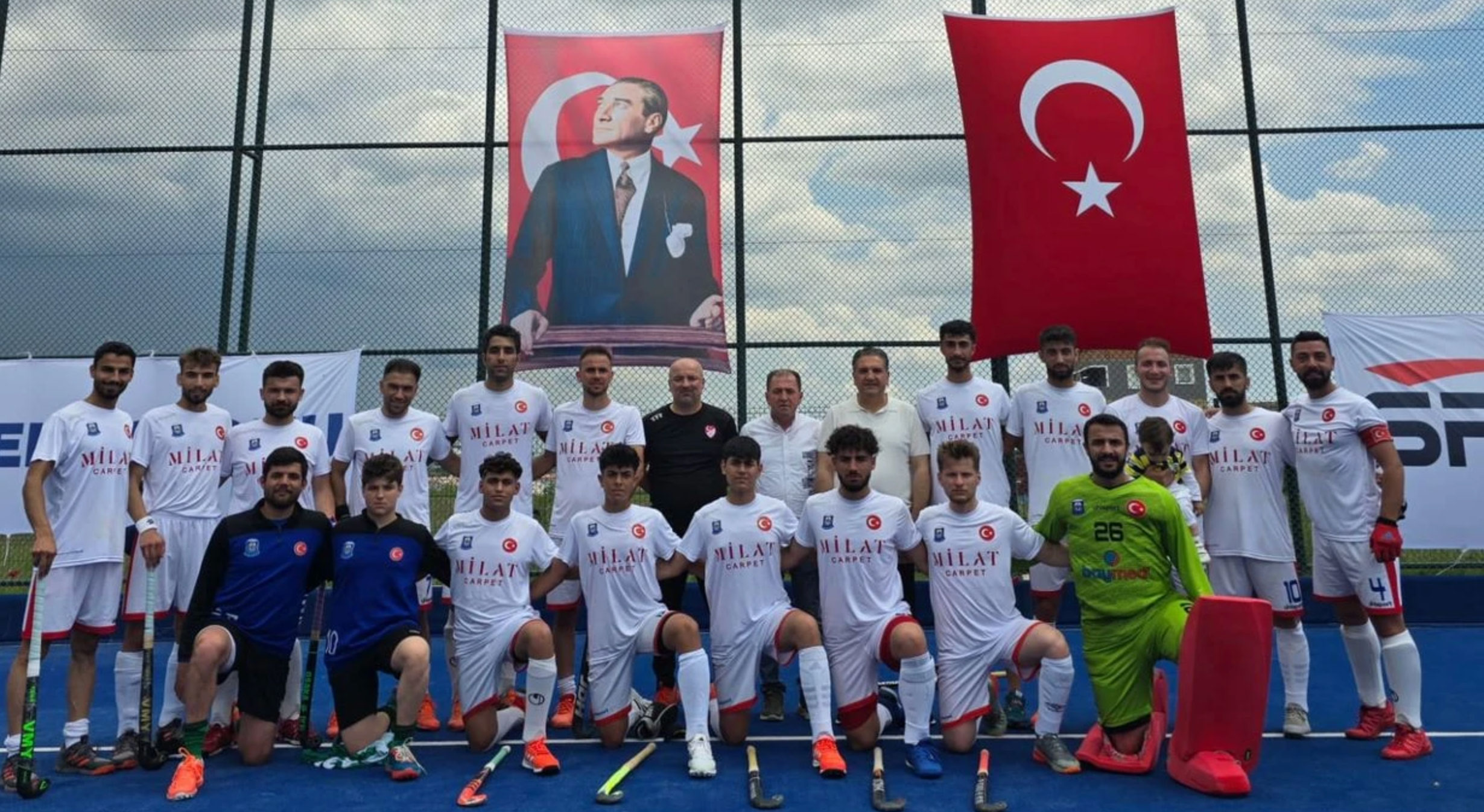 Gaziantep Polisgücü, Hokey Süper Lig A Grubu’na Farklı Başladı: Amasya’yı 7-0 Mağlup Ettiler!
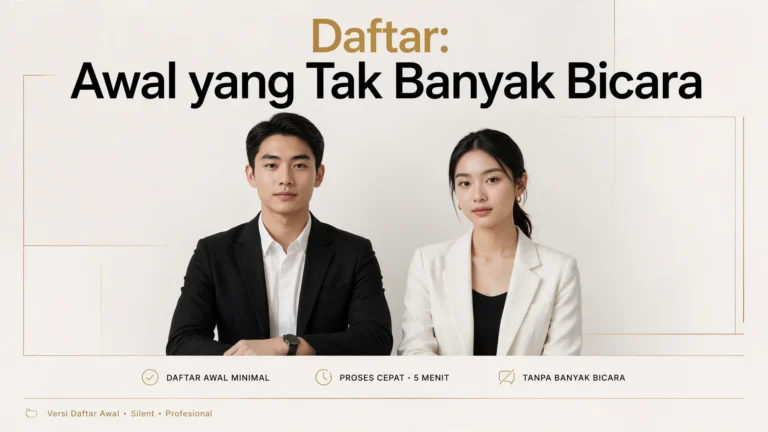 Sulap388 Daftar: Awal yang Tak Banyak Bicara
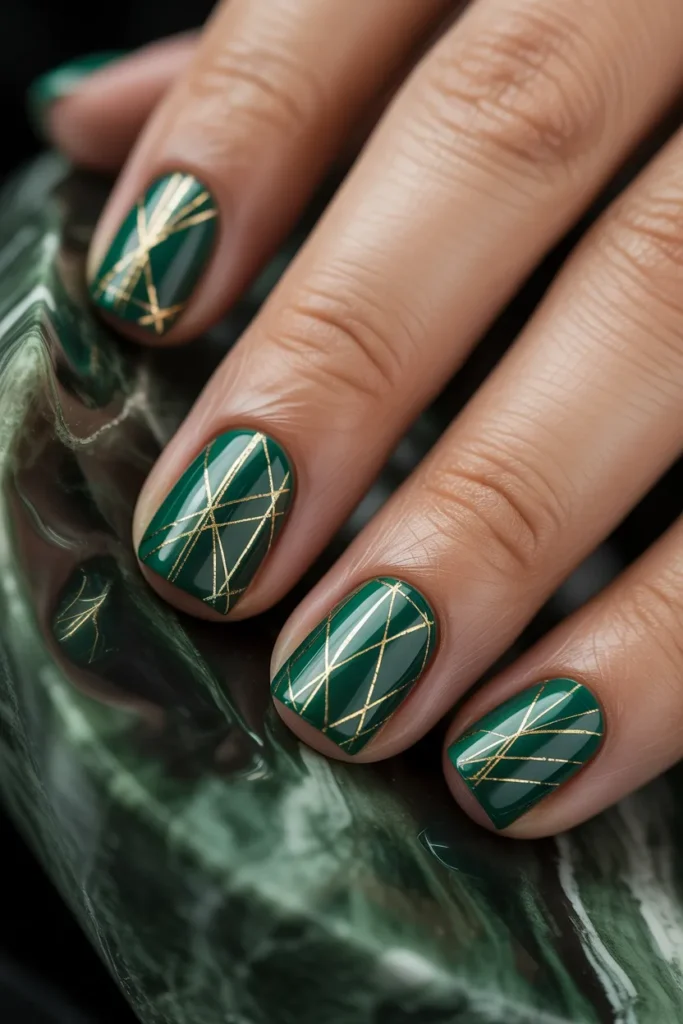 24. Top Nails 2026 Trends — Gorgeous Geometric Art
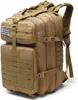 A tan tactical backpack is shown against a white background. Náhled obrázku produktu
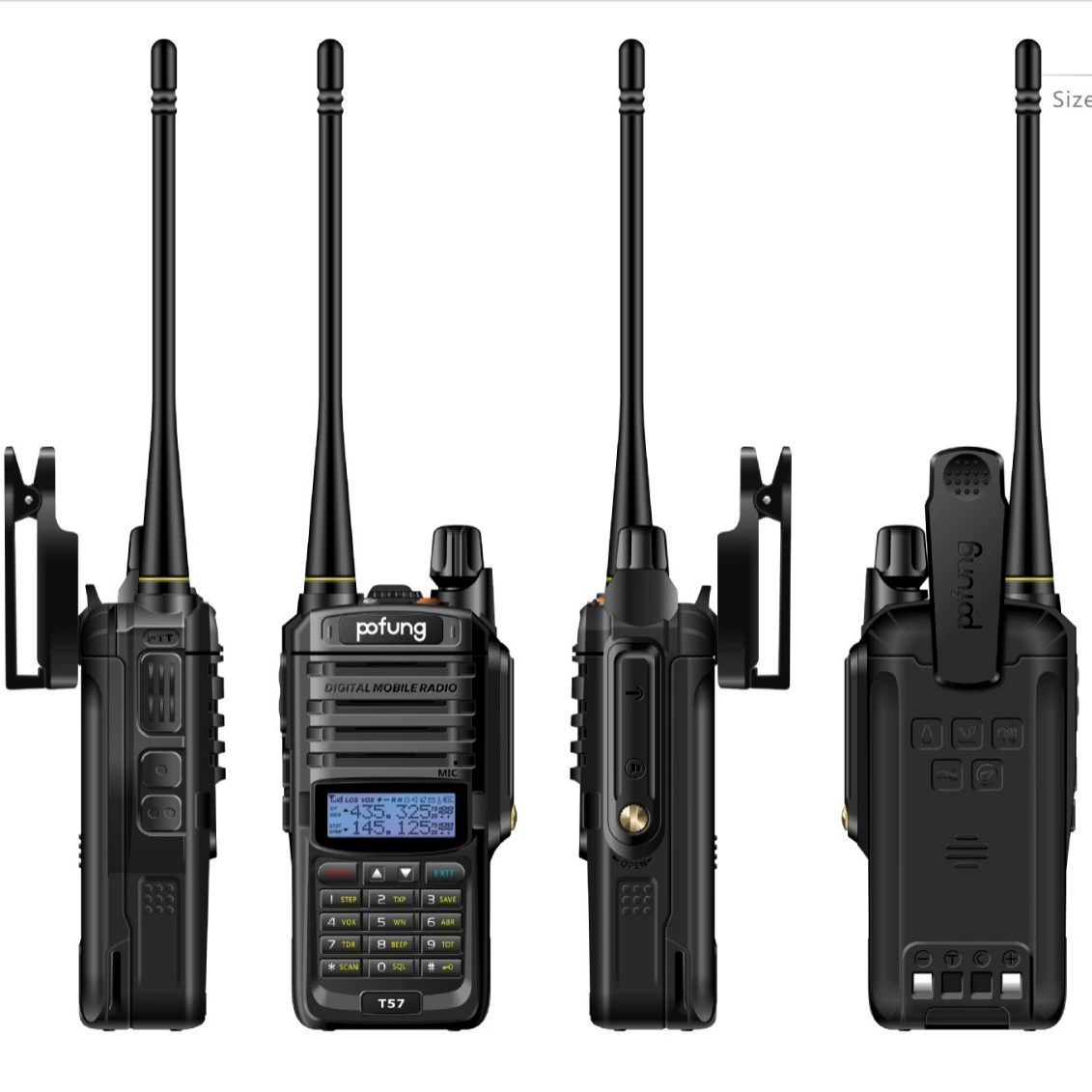 Заводская прямая поставка, раскладка волос? Baofeng UV9RPlus высокомощная радиостанция UV-9R Plus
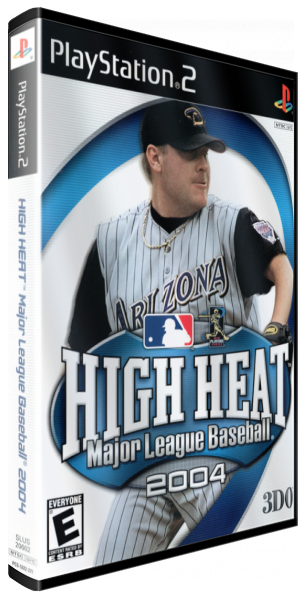 High Heat Major League Baseball 2004 — box-3D (US)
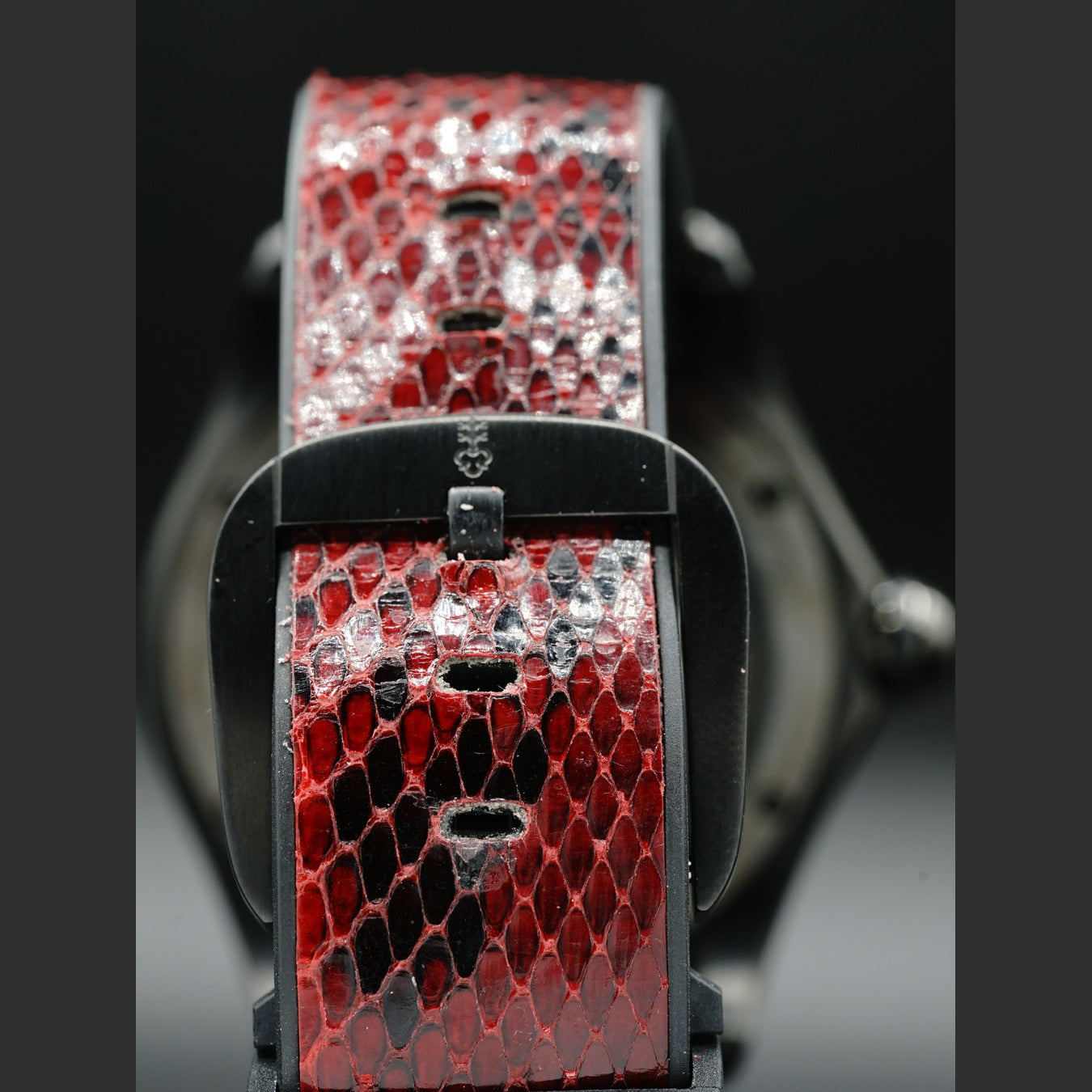 Corum Art Red Bubble Python Limited Edition L08202981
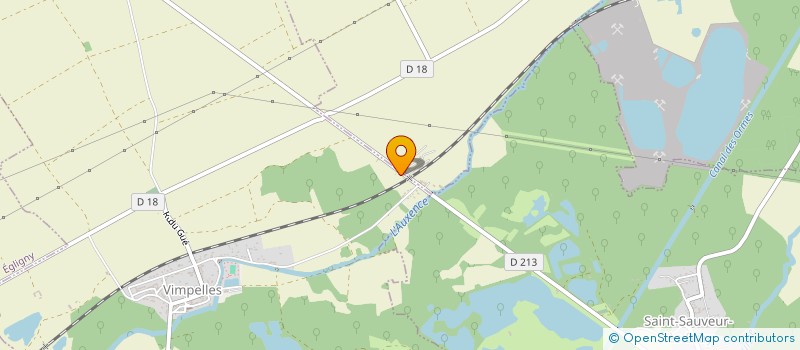 localisation de l'entreprise SARL PAT'TRANSPORTS  VIMPELLES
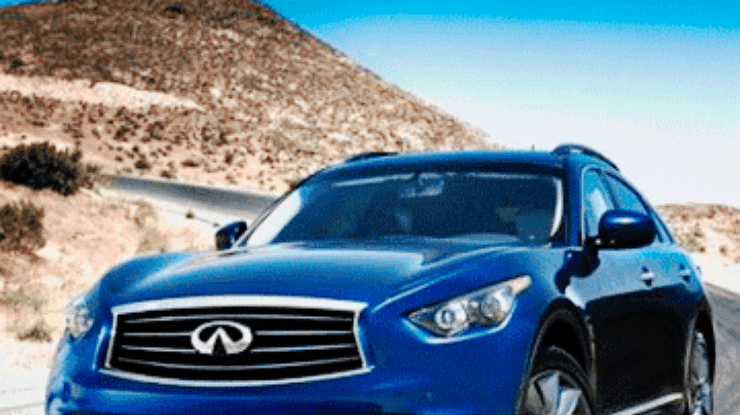 В США появятся рестайлинговые модели Infiniti FX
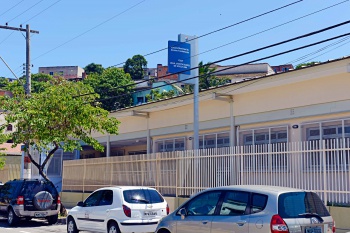 Fachada da EMEF Irmã Jacinta Soares de Souza Lima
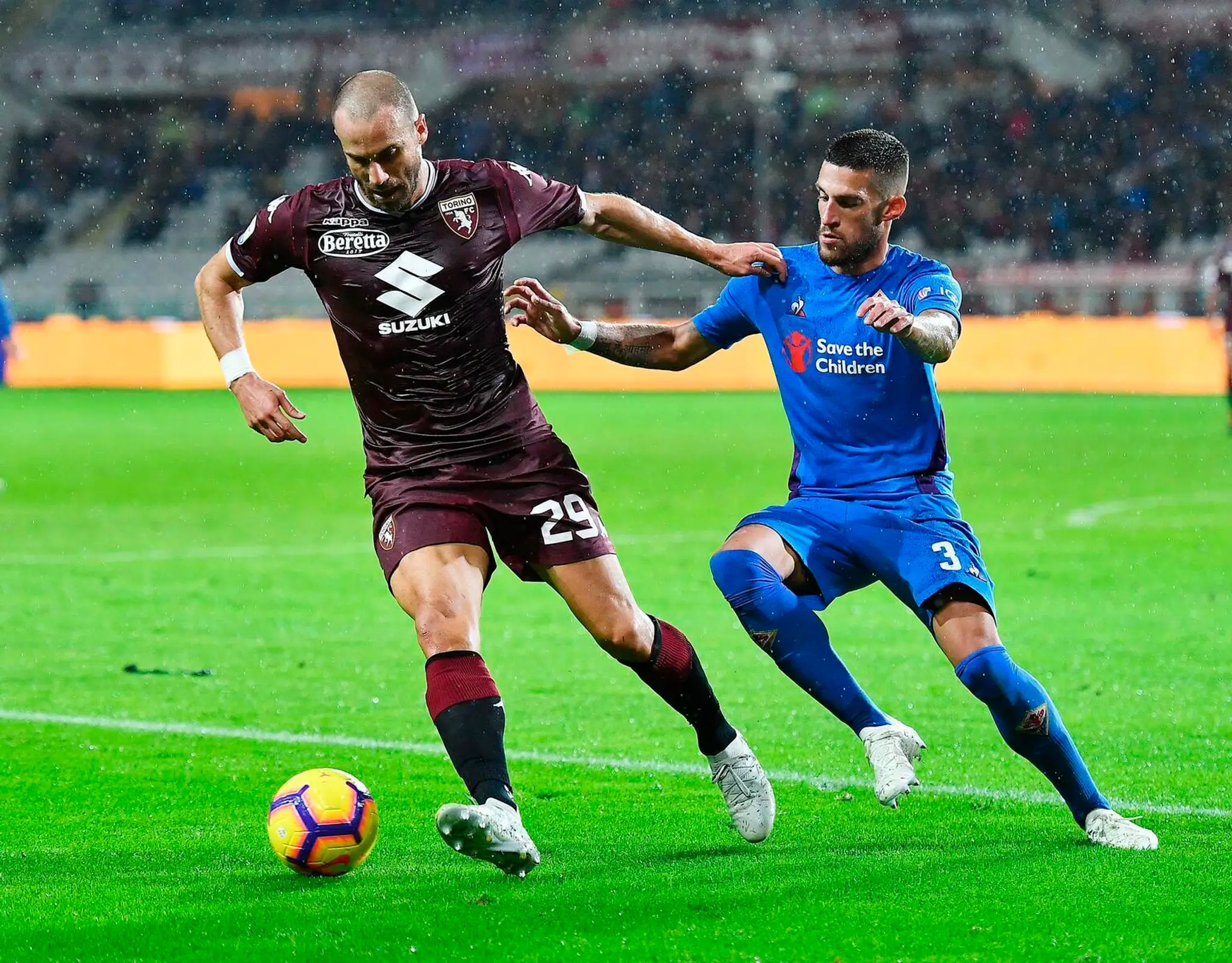 Torino and Fiorentina 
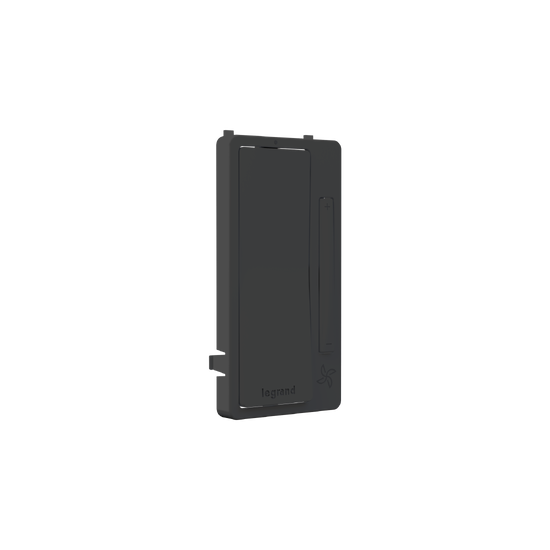 radiant® Smart Remote Fan Controller Color Change Kit, Black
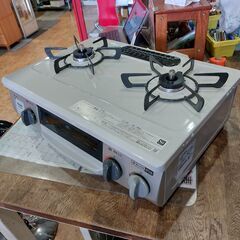 ✨安心の動作保証付✨リンナイ　2020年製　都市ガス用/ガステーブル　KG34NBEL【愛市IFC050786-104】 ✨安心の動作保証付✨リンナイ 2020年製 都市ガス用/ガステーブル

^^^^

→ PROBLEM REQUIREMENTS
When you return the listing, keep each line exact and leave the pictures out.

→ SOLUTION TO THIS TASK
 Gaziantep Polisgücü, Hokey Süper Lig A Grubu’na Farklı Başladı: Amasya’yı 7-0 Mağlup Ettiler!
 Sulap388 Daftar: Awal yang Tak Banyak Bicara
 24. Top Nails 2026 Trends — Gorgeous Geometric Art
 A tan tactical backpack is shown against a white background. Náhled obrázku produktu
 Заводская прямая поставка, раскладка волос? Baofeng UV9RPlus высокомощная радиостанция UV-9R Plus
 High Heat Major League Baseball 2004 — box-3D (US)
 Corum Art Red Bubble Python Limited Edition L08202981
 localisation de l'entreprise SARL PAT'TRANSPORTS  VIMPELLES
 В США появятся рестайлинговые модели Infiniti FX
 Fachada da EMEF Irmã Jacinta Soares de Souza Lima
 Torino and Fiorentina 
 radiant® Smart Remote Fan Controller Color Change Kit, Black
 ✨安心の動作保証付✨リンナイ　2020年製　都市ガス用/ガステーブル　KG34NBEL【愛市IFC050786-104】 ✨安心の動作保証付✨リンナイ 2020年製 都市ガス用/ガステーブル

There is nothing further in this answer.